Dr. Laurence B. Mussio
Historian and Chair, Long Run Institute
Dr. Mussio is one of Canada’s most senior business historians. He has spent his professional career as a both a scholar and senior C-Suite consultant advising, working and publishing at the intersection of the private, public, and academic worlds.
The focus of his published work has ranged from the history of financial institutions in banking and insurance, to government policy and regulation, to how companies and public policy practitioners manage large-scale technological transformation. His most recent work is the landmark publication of a two-volume scholarly history of the Bank of Montreal, called Whom Fortune Favours: Bank of Montreal and the Rise of North American Finance, published by the McGill-Queen’s University Press. The historian Niall Ferguson called Laurence’s book an “exemplary, deeply researched and insightful history” of one of North America’s founding financial institutions.

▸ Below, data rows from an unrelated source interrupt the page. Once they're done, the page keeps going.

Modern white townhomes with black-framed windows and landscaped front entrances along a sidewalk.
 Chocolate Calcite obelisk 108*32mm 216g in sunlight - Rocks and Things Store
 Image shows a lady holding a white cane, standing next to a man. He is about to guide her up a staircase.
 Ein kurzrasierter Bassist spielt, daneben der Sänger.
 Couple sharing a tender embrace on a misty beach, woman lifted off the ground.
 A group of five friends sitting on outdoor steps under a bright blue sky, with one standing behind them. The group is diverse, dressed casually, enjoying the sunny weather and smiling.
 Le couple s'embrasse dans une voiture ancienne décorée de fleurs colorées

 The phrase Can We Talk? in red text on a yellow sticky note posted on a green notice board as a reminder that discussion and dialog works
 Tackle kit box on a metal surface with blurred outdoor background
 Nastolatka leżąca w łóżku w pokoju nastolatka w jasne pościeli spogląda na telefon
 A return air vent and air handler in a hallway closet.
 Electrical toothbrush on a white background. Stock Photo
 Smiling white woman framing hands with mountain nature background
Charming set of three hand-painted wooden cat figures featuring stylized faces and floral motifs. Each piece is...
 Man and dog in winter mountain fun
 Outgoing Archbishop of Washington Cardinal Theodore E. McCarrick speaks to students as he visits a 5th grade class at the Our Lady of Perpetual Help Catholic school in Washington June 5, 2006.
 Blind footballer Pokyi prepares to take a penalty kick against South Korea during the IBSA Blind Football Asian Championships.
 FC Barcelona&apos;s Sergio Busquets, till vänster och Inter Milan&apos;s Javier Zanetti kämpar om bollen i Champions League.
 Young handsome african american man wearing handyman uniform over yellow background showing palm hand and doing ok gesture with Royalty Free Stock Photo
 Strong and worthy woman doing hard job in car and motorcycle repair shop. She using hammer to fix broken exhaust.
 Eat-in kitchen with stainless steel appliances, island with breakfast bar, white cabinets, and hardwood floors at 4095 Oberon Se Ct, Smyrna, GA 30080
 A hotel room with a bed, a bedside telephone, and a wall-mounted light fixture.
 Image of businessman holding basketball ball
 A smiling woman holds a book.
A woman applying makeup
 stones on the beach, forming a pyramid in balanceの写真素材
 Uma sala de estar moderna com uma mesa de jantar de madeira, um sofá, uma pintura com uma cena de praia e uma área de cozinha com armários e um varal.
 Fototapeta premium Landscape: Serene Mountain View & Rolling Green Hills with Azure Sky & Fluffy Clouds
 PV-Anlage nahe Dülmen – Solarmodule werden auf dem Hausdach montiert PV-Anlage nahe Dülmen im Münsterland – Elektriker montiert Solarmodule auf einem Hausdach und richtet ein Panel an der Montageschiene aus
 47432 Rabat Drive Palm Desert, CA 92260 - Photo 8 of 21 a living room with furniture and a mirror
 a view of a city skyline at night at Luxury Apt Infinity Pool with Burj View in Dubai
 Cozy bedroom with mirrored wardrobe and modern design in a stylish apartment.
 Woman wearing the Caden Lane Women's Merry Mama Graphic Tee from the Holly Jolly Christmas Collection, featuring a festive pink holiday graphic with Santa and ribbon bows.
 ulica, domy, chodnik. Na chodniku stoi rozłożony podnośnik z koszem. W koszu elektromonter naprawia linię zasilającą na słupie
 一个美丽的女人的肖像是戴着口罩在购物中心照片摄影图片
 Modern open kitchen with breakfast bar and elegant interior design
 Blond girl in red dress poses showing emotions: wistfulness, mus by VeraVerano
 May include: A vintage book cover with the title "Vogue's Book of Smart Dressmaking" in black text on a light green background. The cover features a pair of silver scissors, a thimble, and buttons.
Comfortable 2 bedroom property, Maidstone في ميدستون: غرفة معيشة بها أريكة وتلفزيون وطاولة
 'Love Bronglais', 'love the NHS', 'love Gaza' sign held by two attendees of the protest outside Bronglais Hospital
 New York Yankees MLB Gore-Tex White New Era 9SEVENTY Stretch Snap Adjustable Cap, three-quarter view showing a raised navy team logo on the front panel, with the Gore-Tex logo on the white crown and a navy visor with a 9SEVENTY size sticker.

Laurence is a founder and Chair of the Long Run Institute, an independent non-profit organization based in Toronto, London, England, and Belfast. Established in 2018, the Institute is becoming a critical meeting place for historians, experts, senior executives and government policymakers in the North Atlantic world to discuss the grand challenges facing firms, governments and societies. The LRI’s conferences on climate, risk, and the future of the public corporation are establishing a unique and much-needed arena for discussion of our past, present and future.
Laurence is CEO of Signal Influence Executive Research & Communications (SIERC Canada), a boutique consulting firm specializing in the strategic application of organizational experience for senior leadership. He is currently Special Advisor to the Office of the CEO at BMO Financial Group, a position he has held since 2017. He also acts as a special advisor to senior executives in the corporate, government and university arenas.
Laurence has taught at both the graduate and undergraduate levels at McMaster University, York University and Syracuse University. He currently teaches in the MBA Program at the Schulich School of Business, York University. In addition to sitting on the Leadership Council of the Ian O. Ihnatowycz Institute for Leadership, Laurence sits on the International Advisory Board of the Centre for Economic History at Queen’s University Belfast.
Laurence is fluent in French, Italian and (intermediate) German. He lives in Toronto with his wife, Flavia.